In
his letter headed “A pen or a shovel?” (14/12), David De Garis artfully paints
himself as a noble, university educated man who toils away in the city for a wage
that is dwarfed by that of poorly educated, fly-in fly-out workers in the resources
industry. He asks which of the two paths a young man might follow these days.
David,
like many other people not involved in the resources industry, you have drawn
it very crudely, invoking visions of homogenous clusters of “workers” getting
on planes to “the mines” and returning with fistfuls of cash. You draw
attention to the sacrifices you made by going to university, unconscious of the
fact that many people boarding such planes are either university educated
themselves or are qualified tradesmen – and only a brave man would tell a
tradesman that he has not also made sacrifices during his four-year
apprenticeship.
So
the very basis of your letter - the idea that a university education and the
resources industry are mutually exclusive – is completely inaccurate.
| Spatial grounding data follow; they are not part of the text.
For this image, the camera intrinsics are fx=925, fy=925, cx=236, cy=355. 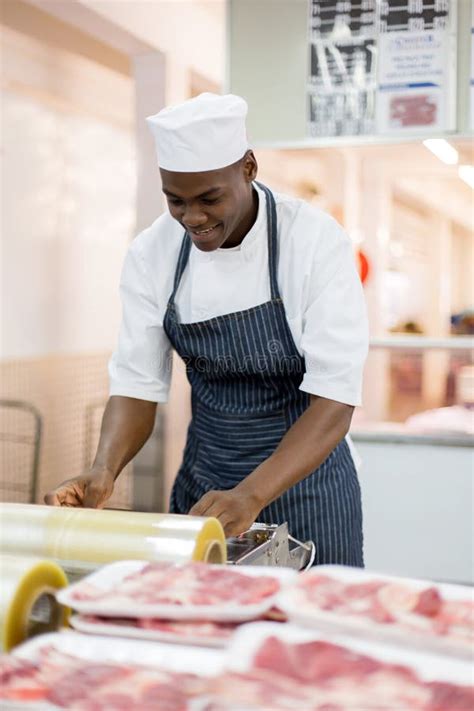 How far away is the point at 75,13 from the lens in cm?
432

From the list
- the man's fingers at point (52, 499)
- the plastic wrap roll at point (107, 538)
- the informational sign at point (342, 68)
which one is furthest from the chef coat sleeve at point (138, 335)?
the informational sign at point (342, 68)

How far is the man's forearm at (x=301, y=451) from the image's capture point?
63.2 inches

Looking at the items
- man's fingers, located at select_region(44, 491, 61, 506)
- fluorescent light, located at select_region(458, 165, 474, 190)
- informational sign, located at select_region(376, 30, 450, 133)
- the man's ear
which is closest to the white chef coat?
the man's ear

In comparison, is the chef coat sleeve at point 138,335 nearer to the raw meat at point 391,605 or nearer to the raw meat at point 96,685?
the raw meat at point 391,605

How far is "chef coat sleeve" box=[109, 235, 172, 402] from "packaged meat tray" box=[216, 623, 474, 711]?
3.64 ft

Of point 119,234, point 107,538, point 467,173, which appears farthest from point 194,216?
point 119,234

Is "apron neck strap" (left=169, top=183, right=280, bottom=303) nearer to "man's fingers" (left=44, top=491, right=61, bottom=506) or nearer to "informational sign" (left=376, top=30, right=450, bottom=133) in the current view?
"man's fingers" (left=44, top=491, right=61, bottom=506)

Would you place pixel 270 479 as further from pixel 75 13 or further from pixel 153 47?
pixel 153 47

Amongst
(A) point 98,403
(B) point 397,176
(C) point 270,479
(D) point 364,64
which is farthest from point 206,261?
(A) point 98,403

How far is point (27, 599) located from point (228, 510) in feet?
1.48

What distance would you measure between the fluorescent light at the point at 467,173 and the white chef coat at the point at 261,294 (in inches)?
80.5

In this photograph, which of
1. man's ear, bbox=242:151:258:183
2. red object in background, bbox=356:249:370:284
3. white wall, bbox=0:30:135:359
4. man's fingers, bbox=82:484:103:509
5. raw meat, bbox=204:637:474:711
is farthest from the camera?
white wall, bbox=0:30:135:359

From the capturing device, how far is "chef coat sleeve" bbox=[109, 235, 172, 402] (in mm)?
2000

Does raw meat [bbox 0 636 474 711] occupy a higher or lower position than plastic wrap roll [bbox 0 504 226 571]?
lower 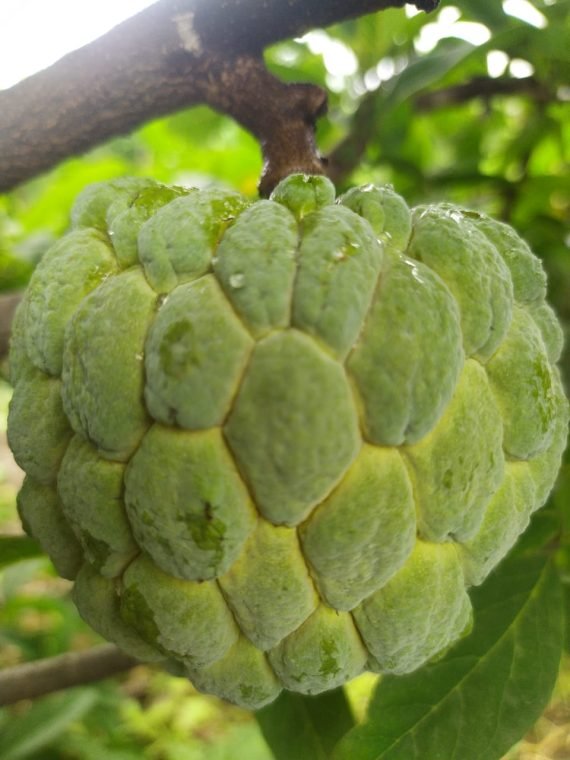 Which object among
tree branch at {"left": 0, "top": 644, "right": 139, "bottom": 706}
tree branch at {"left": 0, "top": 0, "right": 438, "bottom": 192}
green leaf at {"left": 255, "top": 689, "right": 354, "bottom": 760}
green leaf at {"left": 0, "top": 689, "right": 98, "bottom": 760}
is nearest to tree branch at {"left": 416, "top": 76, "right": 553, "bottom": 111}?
tree branch at {"left": 0, "top": 0, "right": 438, "bottom": 192}

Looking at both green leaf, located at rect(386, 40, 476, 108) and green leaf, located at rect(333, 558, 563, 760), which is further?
green leaf, located at rect(386, 40, 476, 108)

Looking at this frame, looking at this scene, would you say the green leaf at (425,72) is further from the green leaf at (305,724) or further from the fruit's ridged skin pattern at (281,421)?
the green leaf at (305,724)

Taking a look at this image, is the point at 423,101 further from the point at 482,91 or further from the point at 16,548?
the point at 16,548

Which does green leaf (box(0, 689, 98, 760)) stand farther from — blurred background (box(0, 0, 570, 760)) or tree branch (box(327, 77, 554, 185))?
tree branch (box(327, 77, 554, 185))

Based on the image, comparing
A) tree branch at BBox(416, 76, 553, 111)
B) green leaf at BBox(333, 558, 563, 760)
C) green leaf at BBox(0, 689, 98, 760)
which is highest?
tree branch at BBox(416, 76, 553, 111)

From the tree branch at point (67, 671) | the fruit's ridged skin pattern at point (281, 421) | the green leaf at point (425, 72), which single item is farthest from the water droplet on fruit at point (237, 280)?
the tree branch at point (67, 671)

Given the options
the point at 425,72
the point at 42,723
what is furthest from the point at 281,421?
the point at 42,723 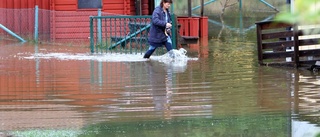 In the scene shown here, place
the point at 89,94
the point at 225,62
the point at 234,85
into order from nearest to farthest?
1. the point at 89,94
2. the point at 234,85
3. the point at 225,62

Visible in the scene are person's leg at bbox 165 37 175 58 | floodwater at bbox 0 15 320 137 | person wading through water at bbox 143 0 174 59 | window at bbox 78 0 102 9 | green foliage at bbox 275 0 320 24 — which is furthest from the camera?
window at bbox 78 0 102 9

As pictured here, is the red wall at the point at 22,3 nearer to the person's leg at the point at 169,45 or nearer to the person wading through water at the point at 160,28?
the person wading through water at the point at 160,28

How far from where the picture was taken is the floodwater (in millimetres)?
6707

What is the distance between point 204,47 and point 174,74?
7.06 metres

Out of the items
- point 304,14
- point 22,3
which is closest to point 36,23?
point 22,3

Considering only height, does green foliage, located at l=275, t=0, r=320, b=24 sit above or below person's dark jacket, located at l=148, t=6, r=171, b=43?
below

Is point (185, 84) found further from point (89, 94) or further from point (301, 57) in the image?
point (301, 57)

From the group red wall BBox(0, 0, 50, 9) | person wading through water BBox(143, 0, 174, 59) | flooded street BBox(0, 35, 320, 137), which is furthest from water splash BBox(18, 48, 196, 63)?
red wall BBox(0, 0, 50, 9)

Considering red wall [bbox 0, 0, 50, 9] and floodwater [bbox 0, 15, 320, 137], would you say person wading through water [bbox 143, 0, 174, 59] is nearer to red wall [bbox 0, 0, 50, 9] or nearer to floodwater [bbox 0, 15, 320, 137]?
floodwater [bbox 0, 15, 320, 137]

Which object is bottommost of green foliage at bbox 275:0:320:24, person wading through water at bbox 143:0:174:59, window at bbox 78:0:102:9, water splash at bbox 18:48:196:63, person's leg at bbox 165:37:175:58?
water splash at bbox 18:48:196:63

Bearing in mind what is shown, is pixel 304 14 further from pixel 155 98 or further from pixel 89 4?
pixel 89 4

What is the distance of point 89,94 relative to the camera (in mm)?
9492

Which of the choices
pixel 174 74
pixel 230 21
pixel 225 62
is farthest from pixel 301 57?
pixel 230 21

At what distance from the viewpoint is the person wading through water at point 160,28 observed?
14.1m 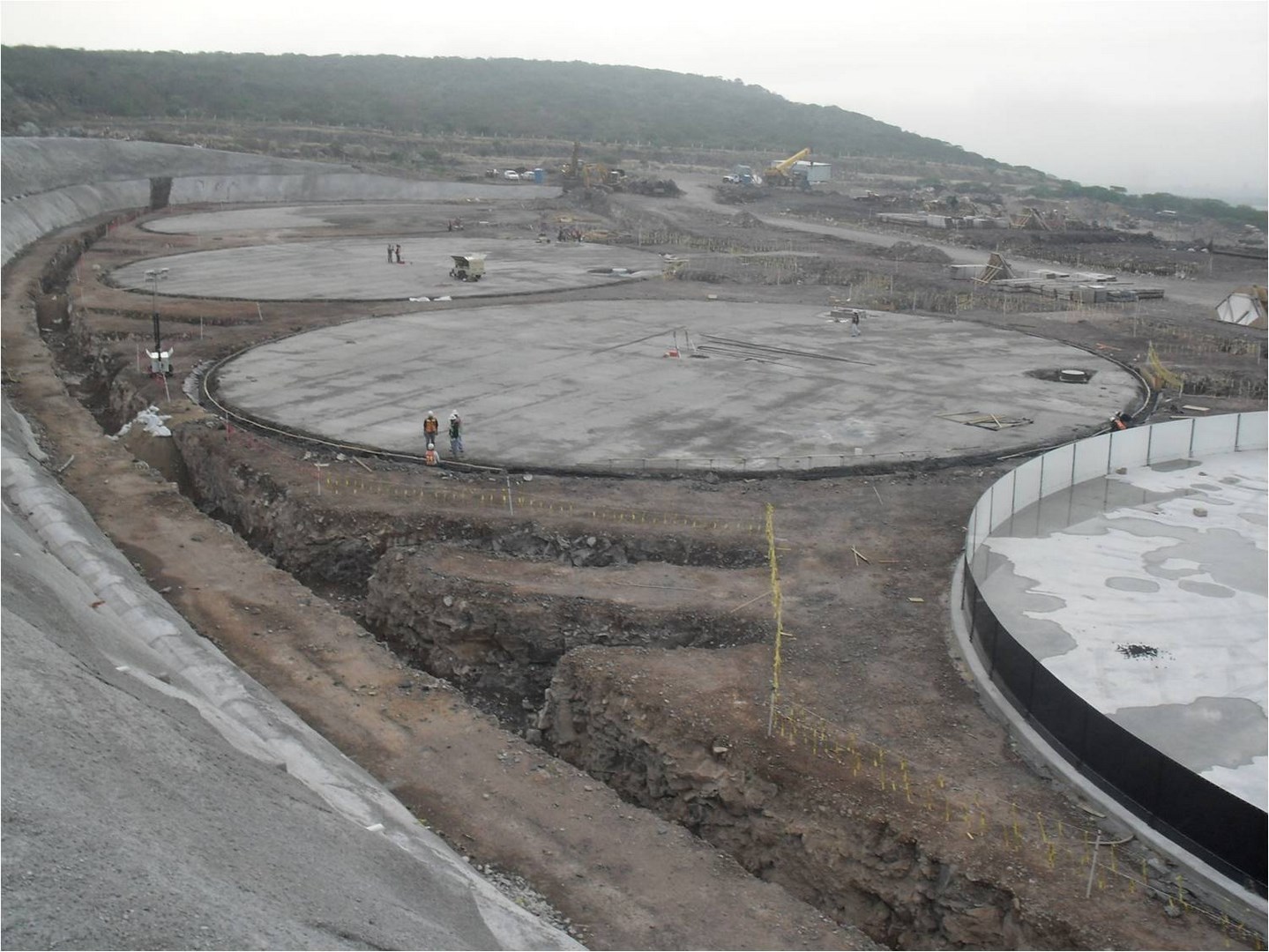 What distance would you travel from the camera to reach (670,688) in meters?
14.7

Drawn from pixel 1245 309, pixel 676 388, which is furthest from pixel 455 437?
pixel 1245 309

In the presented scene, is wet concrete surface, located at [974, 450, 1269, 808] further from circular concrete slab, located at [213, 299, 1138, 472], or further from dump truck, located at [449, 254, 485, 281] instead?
dump truck, located at [449, 254, 485, 281]

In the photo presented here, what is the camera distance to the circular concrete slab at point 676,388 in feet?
84.2

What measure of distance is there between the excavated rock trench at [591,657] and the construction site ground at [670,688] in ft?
0.14

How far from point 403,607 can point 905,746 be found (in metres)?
8.63

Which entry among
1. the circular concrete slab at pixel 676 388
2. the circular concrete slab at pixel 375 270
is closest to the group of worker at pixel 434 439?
the circular concrete slab at pixel 676 388

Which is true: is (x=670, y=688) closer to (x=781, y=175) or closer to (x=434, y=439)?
(x=434, y=439)

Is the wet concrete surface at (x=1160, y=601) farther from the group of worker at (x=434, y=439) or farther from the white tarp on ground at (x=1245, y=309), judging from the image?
the white tarp on ground at (x=1245, y=309)

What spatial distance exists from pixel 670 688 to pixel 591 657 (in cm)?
145

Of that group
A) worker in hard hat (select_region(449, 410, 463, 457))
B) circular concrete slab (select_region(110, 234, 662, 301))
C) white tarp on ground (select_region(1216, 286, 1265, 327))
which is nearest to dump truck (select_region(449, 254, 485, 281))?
circular concrete slab (select_region(110, 234, 662, 301))

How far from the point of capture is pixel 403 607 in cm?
1808

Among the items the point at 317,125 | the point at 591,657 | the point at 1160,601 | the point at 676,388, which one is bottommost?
the point at 591,657

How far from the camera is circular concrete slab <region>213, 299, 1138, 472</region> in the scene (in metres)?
25.7

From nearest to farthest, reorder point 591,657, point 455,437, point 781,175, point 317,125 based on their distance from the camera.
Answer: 1. point 591,657
2. point 455,437
3. point 781,175
4. point 317,125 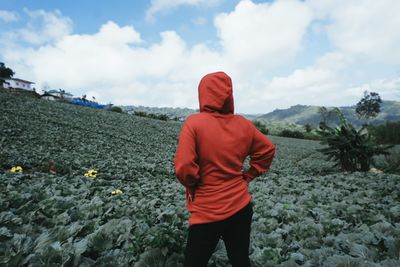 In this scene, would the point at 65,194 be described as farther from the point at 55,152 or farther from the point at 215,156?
the point at 55,152

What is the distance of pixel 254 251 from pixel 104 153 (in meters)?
12.4

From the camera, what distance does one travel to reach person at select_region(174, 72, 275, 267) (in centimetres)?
226

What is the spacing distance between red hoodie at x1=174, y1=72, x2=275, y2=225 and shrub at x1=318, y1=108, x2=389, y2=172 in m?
10.4

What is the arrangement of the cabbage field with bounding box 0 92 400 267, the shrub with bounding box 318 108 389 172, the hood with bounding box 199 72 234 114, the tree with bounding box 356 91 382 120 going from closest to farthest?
the hood with bounding box 199 72 234 114, the cabbage field with bounding box 0 92 400 267, the shrub with bounding box 318 108 389 172, the tree with bounding box 356 91 382 120

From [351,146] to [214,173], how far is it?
10678 millimetres

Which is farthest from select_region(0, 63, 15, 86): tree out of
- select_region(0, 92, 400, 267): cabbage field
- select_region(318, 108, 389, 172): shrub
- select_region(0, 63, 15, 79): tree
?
select_region(318, 108, 389, 172): shrub

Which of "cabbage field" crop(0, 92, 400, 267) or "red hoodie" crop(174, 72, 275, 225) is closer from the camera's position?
"red hoodie" crop(174, 72, 275, 225)

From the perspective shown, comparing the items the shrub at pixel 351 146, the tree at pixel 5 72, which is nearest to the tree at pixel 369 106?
the shrub at pixel 351 146

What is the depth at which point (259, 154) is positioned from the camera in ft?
8.92

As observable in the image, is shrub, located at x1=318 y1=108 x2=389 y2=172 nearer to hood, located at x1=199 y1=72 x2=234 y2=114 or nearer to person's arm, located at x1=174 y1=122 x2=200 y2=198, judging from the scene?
hood, located at x1=199 y1=72 x2=234 y2=114

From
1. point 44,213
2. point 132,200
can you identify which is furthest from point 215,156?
point 132,200

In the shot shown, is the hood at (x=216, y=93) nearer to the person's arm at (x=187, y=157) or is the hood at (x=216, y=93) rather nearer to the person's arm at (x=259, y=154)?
the person's arm at (x=187, y=157)

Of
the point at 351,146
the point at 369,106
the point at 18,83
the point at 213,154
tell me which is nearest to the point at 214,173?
the point at 213,154

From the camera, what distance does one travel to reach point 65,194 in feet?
19.3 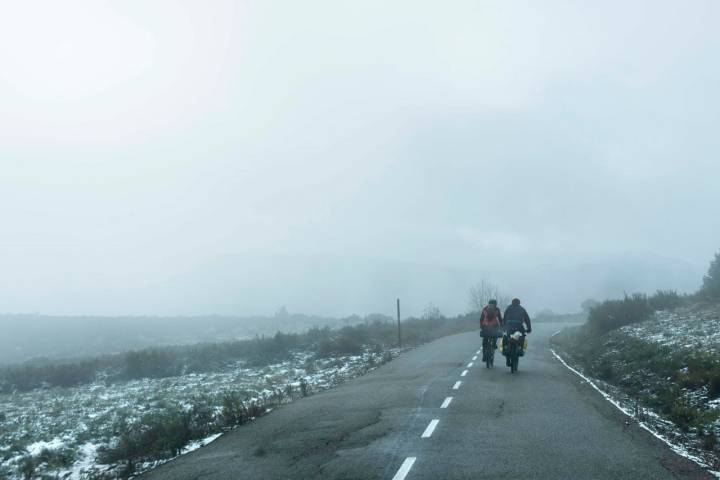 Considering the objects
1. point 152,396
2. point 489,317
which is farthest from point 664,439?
point 152,396

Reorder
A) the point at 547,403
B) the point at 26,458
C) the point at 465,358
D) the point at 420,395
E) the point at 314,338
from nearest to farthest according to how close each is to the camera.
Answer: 1. the point at 26,458
2. the point at 547,403
3. the point at 420,395
4. the point at 465,358
5. the point at 314,338

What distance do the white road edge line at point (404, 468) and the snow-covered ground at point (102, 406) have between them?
421 centimetres

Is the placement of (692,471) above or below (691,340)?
below

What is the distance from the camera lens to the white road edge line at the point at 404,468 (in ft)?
26.0

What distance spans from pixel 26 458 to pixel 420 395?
26.2 feet

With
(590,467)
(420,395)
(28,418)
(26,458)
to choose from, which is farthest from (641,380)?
(28,418)

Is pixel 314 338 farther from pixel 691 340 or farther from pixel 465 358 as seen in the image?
pixel 691 340

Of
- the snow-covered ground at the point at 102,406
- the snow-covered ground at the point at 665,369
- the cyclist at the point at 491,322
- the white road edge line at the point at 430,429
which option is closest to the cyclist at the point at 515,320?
the cyclist at the point at 491,322

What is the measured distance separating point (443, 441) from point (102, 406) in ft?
45.5

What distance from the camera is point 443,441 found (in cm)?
996

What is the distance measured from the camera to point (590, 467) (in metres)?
8.31

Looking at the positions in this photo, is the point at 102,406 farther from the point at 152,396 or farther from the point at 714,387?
the point at 714,387

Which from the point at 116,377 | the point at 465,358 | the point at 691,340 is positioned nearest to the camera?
the point at 691,340

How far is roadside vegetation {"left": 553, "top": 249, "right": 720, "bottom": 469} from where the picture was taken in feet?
39.3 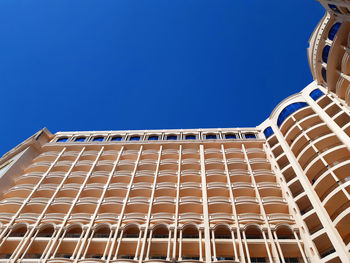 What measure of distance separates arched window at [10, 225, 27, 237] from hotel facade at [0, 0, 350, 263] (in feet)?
0.67

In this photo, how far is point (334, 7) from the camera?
90.1 ft

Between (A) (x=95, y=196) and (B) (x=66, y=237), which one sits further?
(A) (x=95, y=196)

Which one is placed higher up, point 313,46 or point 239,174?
point 313,46

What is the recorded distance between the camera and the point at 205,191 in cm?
3309

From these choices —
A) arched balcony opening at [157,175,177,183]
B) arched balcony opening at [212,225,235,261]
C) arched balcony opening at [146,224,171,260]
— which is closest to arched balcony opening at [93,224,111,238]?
arched balcony opening at [146,224,171,260]

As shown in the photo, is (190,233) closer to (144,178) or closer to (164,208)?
(164,208)

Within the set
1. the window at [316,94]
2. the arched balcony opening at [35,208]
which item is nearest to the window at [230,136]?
the window at [316,94]

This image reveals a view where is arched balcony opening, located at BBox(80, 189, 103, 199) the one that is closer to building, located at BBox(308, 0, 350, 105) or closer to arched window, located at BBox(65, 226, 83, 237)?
arched window, located at BBox(65, 226, 83, 237)

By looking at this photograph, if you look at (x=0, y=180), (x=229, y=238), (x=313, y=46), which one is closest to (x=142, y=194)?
(x=229, y=238)

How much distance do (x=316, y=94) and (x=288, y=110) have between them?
4545mm

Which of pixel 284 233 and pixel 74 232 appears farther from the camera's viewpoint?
pixel 74 232

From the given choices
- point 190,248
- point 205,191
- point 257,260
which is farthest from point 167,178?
point 257,260

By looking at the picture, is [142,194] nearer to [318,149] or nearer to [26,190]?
[26,190]

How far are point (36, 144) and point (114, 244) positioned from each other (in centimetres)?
2683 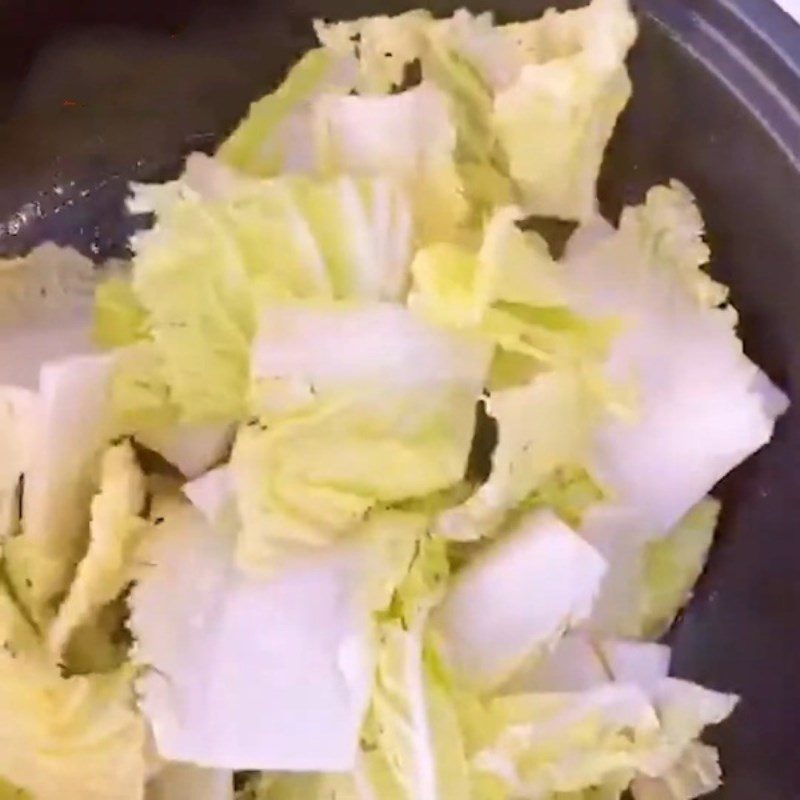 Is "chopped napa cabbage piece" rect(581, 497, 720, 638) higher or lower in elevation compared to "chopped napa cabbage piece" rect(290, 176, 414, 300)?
lower

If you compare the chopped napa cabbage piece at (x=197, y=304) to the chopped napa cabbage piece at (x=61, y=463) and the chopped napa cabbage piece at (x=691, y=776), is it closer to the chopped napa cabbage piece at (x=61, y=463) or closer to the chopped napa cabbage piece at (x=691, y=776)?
the chopped napa cabbage piece at (x=61, y=463)

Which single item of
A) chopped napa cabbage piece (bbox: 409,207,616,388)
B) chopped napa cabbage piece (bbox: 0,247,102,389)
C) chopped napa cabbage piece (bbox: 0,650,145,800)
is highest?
chopped napa cabbage piece (bbox: 409,207,616,388)

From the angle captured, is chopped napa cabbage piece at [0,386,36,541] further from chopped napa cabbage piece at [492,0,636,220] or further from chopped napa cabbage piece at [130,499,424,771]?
chopped napa cabbage piece at [492,0,636,220]

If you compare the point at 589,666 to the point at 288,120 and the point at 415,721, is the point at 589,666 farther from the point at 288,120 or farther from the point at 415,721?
the point at 288,120

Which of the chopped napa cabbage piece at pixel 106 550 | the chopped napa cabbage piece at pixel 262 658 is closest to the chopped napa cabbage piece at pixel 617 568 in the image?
the chopped napa cabbage piece at pixel 262 658

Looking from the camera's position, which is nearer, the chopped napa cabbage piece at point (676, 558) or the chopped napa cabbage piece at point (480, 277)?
the chopped napa cabbage piece at point (480, 277)

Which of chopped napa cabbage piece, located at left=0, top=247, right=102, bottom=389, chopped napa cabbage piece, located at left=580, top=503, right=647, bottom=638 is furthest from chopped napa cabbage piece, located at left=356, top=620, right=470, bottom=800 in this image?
chopped napa cabbage piece, located at left=0, top=247, right=102, bottom=389

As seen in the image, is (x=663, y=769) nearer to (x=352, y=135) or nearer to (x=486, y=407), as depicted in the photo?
(x=486, y=407) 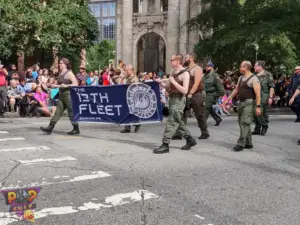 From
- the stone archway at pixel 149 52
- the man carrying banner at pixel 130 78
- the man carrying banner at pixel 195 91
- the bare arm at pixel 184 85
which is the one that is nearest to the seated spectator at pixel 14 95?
the man carrying banner at pixel 130 78

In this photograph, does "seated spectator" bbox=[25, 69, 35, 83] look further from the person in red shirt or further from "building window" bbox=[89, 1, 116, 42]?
"building window" bbox=[89, 1, 116, 42]

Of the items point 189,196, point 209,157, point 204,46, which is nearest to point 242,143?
point 209,157

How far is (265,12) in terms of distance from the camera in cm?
2520

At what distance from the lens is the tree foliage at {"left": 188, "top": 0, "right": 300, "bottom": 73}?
23938 millimetres

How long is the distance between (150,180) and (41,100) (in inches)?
468

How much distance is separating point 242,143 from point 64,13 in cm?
2281

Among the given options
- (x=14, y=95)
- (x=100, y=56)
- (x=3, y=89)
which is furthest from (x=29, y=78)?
(x=100, y=56)

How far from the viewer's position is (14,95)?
1811 cm

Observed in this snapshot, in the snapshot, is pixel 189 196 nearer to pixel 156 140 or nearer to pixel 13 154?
pixel 13 154

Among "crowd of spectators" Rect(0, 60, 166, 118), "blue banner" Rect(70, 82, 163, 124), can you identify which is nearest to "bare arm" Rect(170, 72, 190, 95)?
"blue banner" Rect(70, 82, 163, 124)

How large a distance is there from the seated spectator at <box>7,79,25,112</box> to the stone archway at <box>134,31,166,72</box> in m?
29.4

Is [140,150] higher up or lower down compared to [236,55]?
lower down

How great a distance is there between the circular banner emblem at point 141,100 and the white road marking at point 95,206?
543 cm

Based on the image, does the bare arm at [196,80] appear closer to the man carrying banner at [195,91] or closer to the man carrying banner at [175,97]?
the man carrying banner at [195,91]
For thousands
of people, including myself, “pens and shovels” are interchangeable. I have a
degree and often work in the city, but I also love being hundreds of kilometres
from anywhere, covered in flies, and hitting rocks with a hammer.
Regardless
of their level of education or training, people in the resources industry take
a risk by working in what history shows is a boom-bust game. And as a
white-collar professional, I am sure you appreciate that with risk can come reward
– in this case, financial. The flipside to the reward is illustrated by events like BHP’s spectacular
failure at Ravensthorpe and the subsequent mass sackings.